Namun demikian, sesuai komitmen Indonesia untuk berkontribusi pada penurunan gas rumah kaca, Pemerintah telah mengeluarkan kebijakan untuk menghentikan PLTU secara bertahap hingga 2030.
Selanjutnya berdasarkan Peraturan Presiden Nomor 112 Tahun 2022 tentang Percepatan Pengembangan Energi Terbarukan untuk Penyediaan Tenaga Listrik, Pemerintah akan menyusun peta jalan percepatan pengakhiran masa operasional PLTU yang dituangkan dalam dokumen perencanaan sektoral. Upaya lainnya, Pemerintah juga secara bertahap mengurangi penggunaan batu bara dengan memanfaatkan teknologi co-firing.
Apa itu teknologi Co-firing?
Co-firing merupakan proses penambahan biomassa sebagai bahan bakar pengganti parsial ke dalam pembuat uap air panas. Salah satu keunggulan implementasi co-firing adalah, tidak ada tambahan biaya investasi untuk peralatan khusus. Untuk campuran biomassa sebanyak maksimum 5 persen, tidak diperlukan modifikasi pembuat uap air panas. Co-firing akan mengurangi emisi sulfur dioksida karena biomassa kayu mengandung sulfur yang jauh lebih sedikit daripada batubara.
Teknologi co-firing dapat menggunakan berbagai macam jenis biomassa yang dikenal dengan istilah Bahan Bakar Biomassa (B3M), seperti serbuk kayu, serpihan kayu, cangkang sawit, sekam padi, tempurung kelapa, dan limbah pertanian serta kehutanan lainnya.

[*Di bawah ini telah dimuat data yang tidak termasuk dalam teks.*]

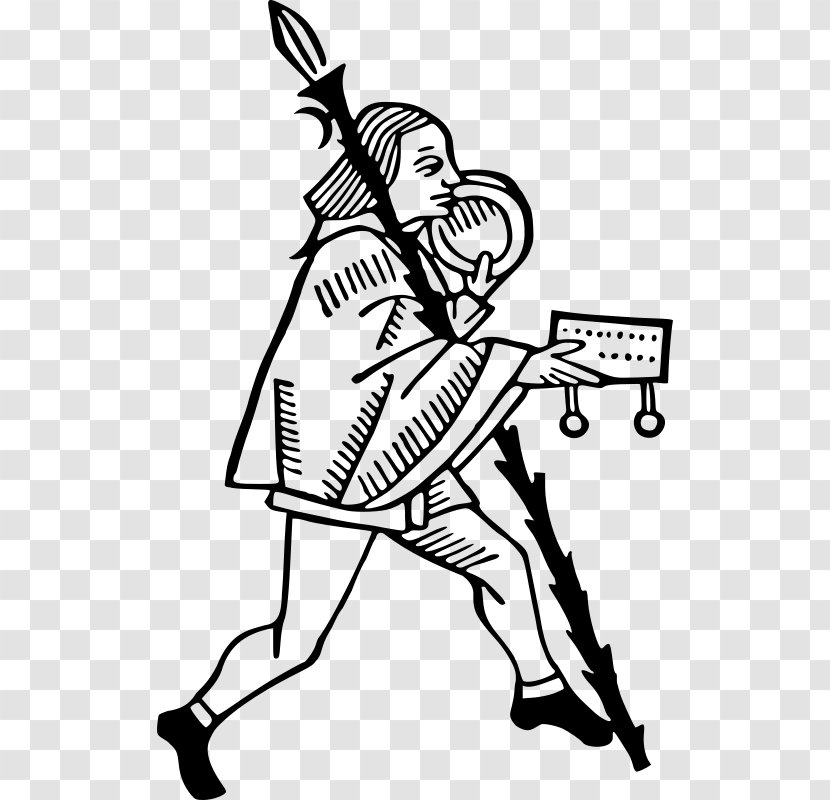 Middle Ages Line Art Knight Drawing Clip - Black Transparent PNG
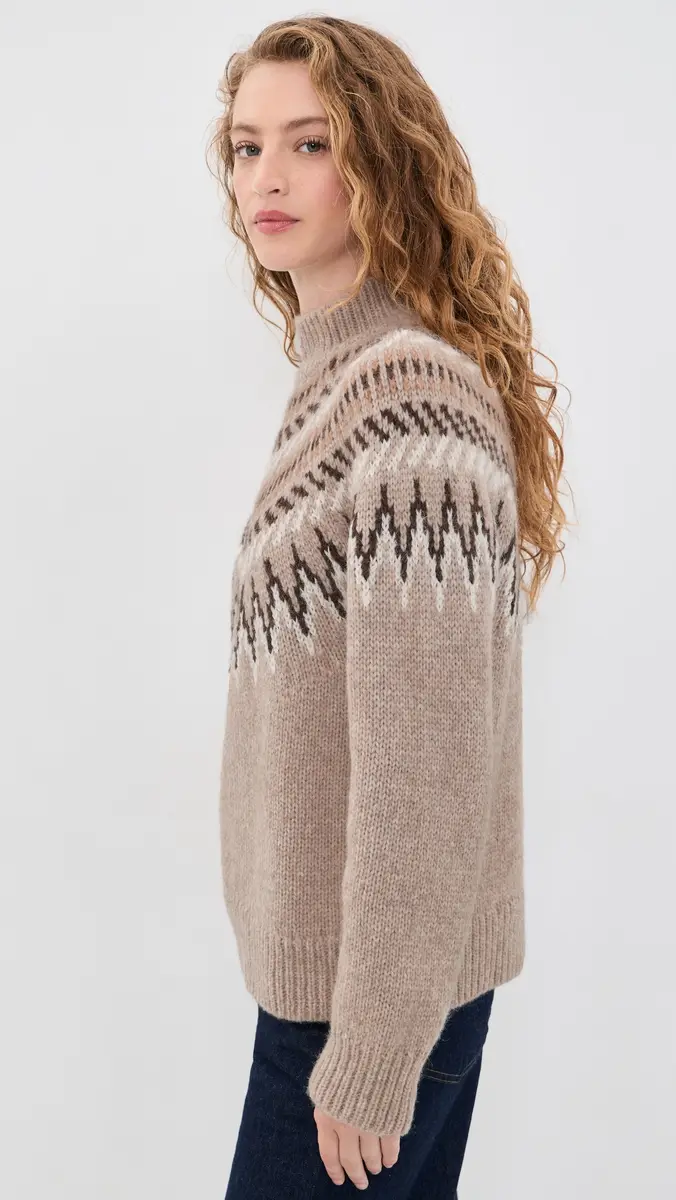 APIECE APART Fair Isle Mock Neck Pullover | Thumbnail 4 APIECE APART Fair Isle Mock Neck Pullover | Thumbnail 4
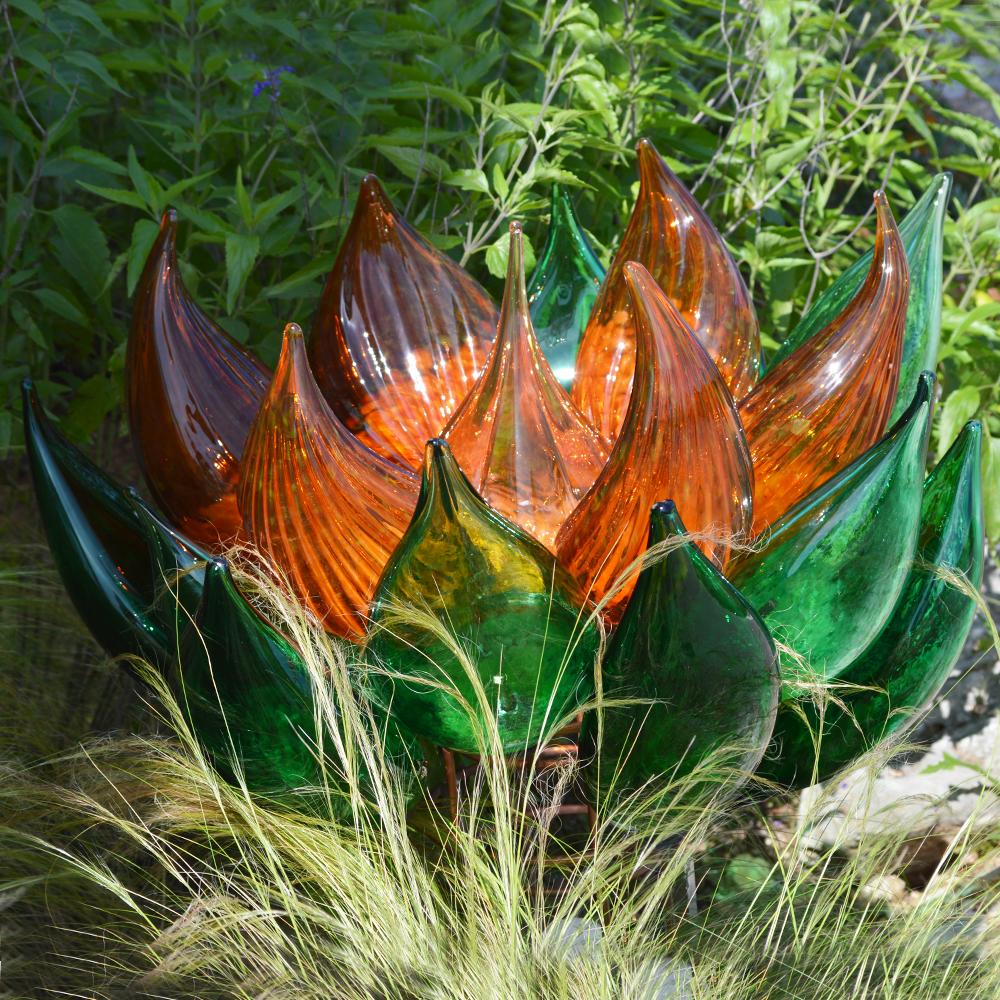 glass succulent plant Orange & Green Glass Succulent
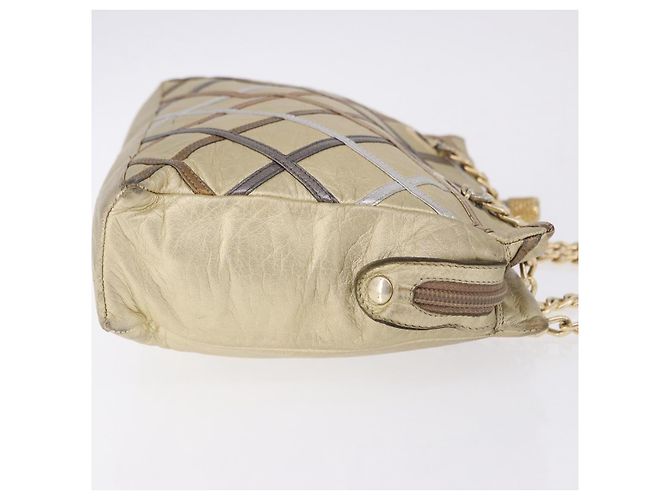Bolso de hombro con cadena BALLY Cuero Gold Auth 196346 Dorado - vista 4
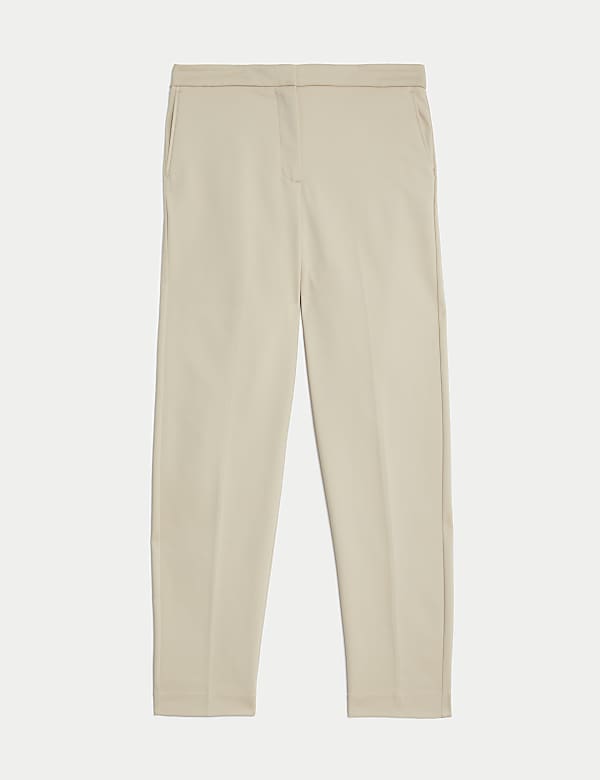 Cotton Blend Slim Fit Ankle Grazer Trousers - AU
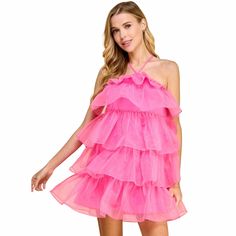 Haute couture inspired by Paris fashion week, our Barbie Pink Ruffle Tiered Dress gives you a high-fashion look without breaking the bank! She features a sleeveless halter neckline with tie closure, an open back, and a tiered voluminous silhouette... Spring Party Mini Dress With Layers, Flirty Sleeveless Ruffle Dress For Prom, Layered Mini Dress For Spring Party, Spring Party Layered Mini Dress, Ruffle Halter Dress For Wedding, Summer Tiered Mini Dress For Prom, Tiered Mini Dress For Summer Prom, Glamorous Spring Tiered Skirt Dress, Summer Evening Tiered Dress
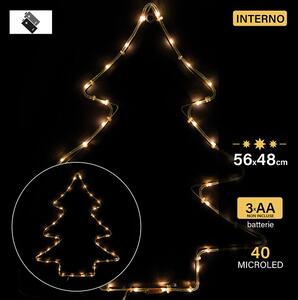 Decorazione insegna luminosa da appendere albero con 40 microled a batteria per uso interno 56x44 cm - Gold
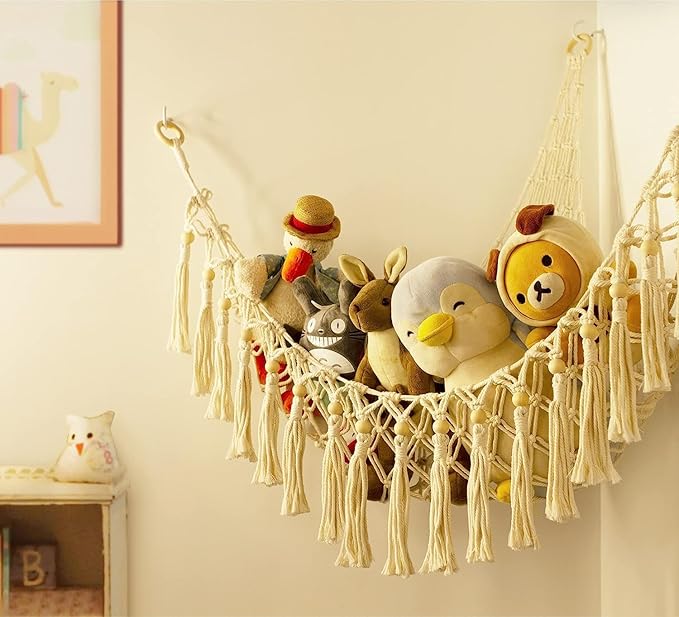 Stuffed Animal Toy Storage Hammock with LED Light - Macrame Jumbo Doll Corner Stuff Animals Organizer Decorations - Cute Hanging Plushie Net Kids Baby Nursery Bedroom Room Decor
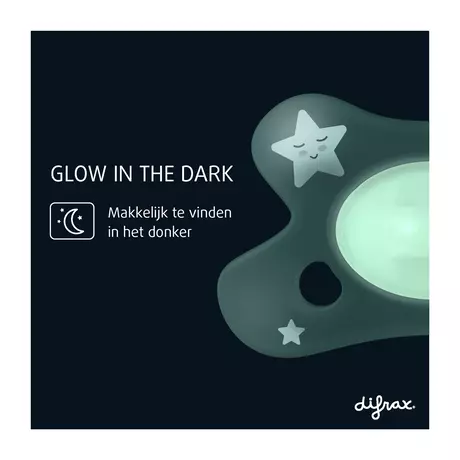 Difrax Fopspeen Natural 0-6M Glow In The Dark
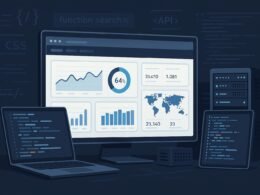 Moderner digitaler Arbeitsplatz mit großen Monitoren, Datenvisualisierungen, Server-Racks und Programmierbildschirmen, betont Webentwicklung und SEO-Optimierung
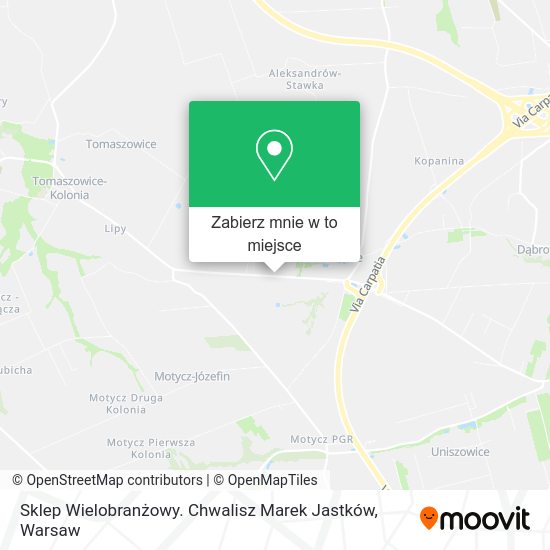 Mapa Sklep Wielobranżowy. Chwalisz Marek Jastków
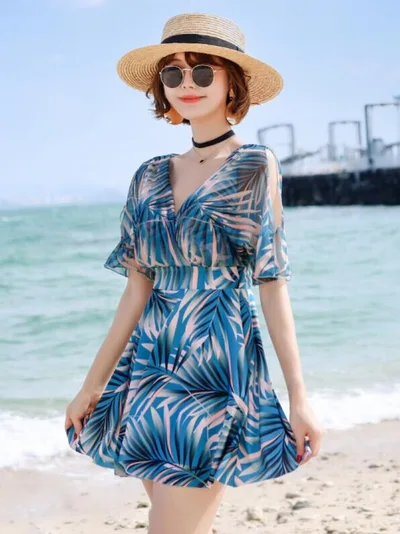 カジュアル 水着 ワンピース スイムウェア レディース 夏 海 プール レジャー 体型カバー 日焼け防止 大きいサイズ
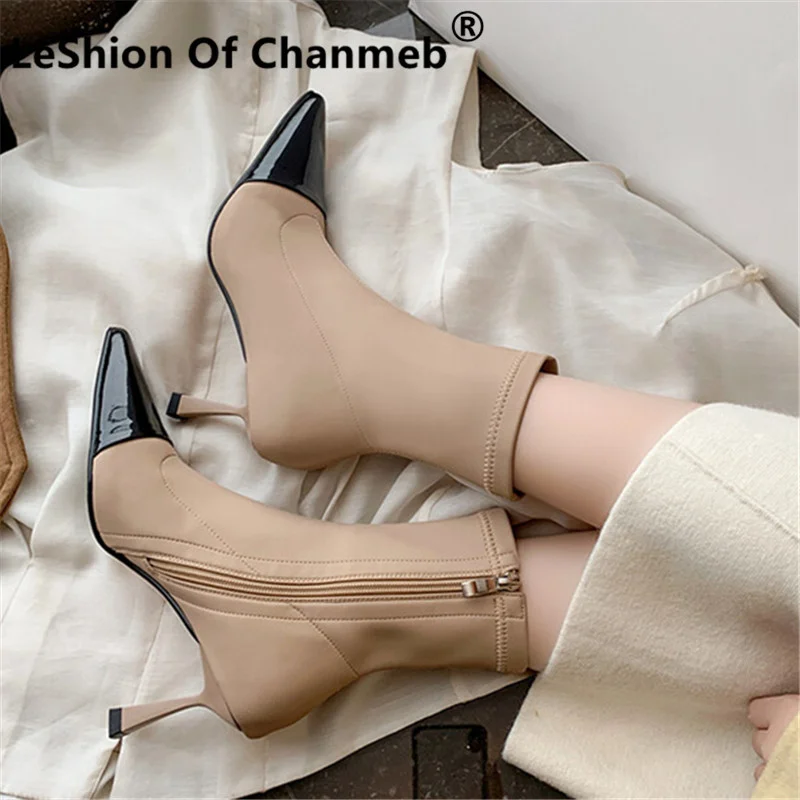 

LeShion Of Chanmeb Роскошные брендовые разноцветные ботильоны женские элегантные Ботинки на каблуке с котятами с острым носком на молнии женские о...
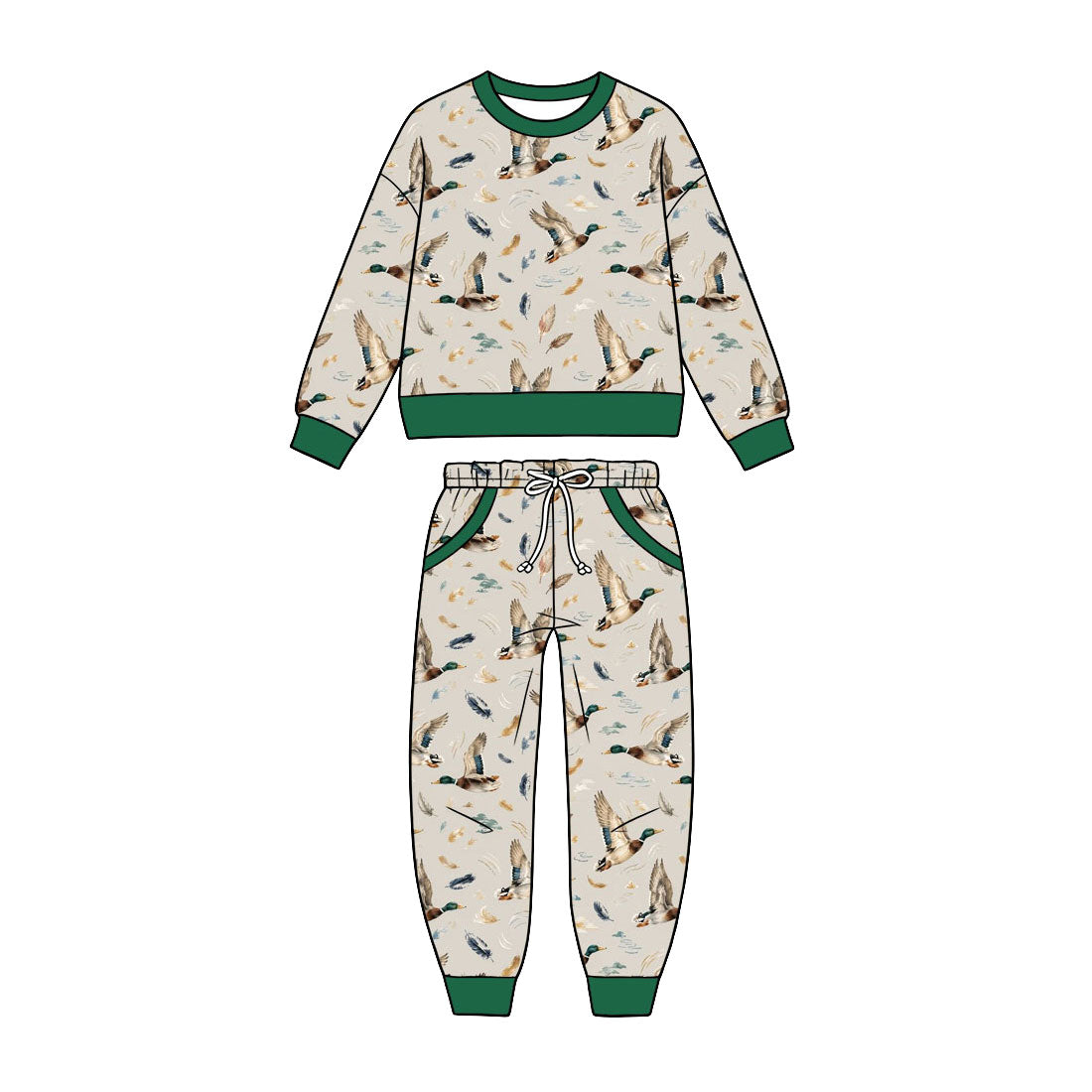Preorder (moq 5) Baby Boy Duck Feather Print Long Sleeve Sweatshirt Jogger Pant Set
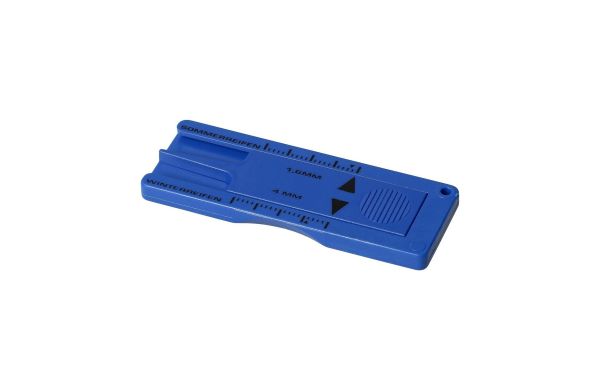 Schlüsselanhänger "Reifenprofilmesser", blau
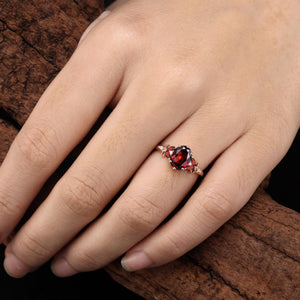 Leaves Angel Wing Ring Band Red Garnet Couple Rings Cluster Ring Nature Inspired Leaf Engagement Ring Set for Women Twig Wedding - anerjuly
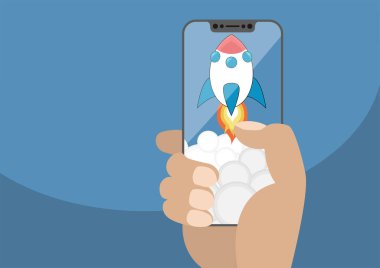 Dumanlı çerçevesiz dokunmatik ekran üzerinden roket başlatılması karikatür. Modern çerçeve ücretsiz smartphone tutan el vektör çizim. 
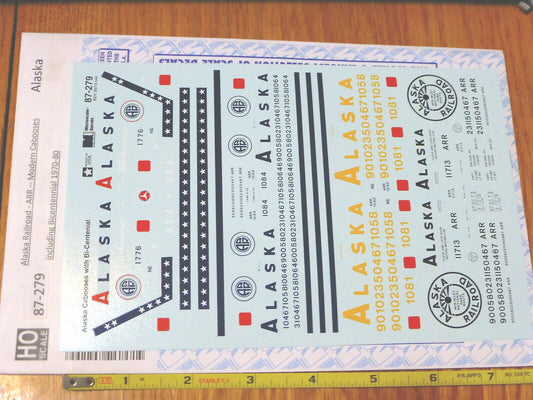 Microscale Decal HO #87-279 Alaska Railroad - ARR Modern Cabooses Inlcuding Bice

B3M ini juga bisa menggunakan pelet dari biomassa non kayu. Harga biomassa ini bervariasi antara Rp 400 - Rp 1.350 per kilogram. Sebelum digunakan, biomassa tersebut biasanya menjalani pre-treatment seperti proses pencucian, pemanasan dan pengeringan, pengarangan, dan atau penambahan bahan-bahan lain.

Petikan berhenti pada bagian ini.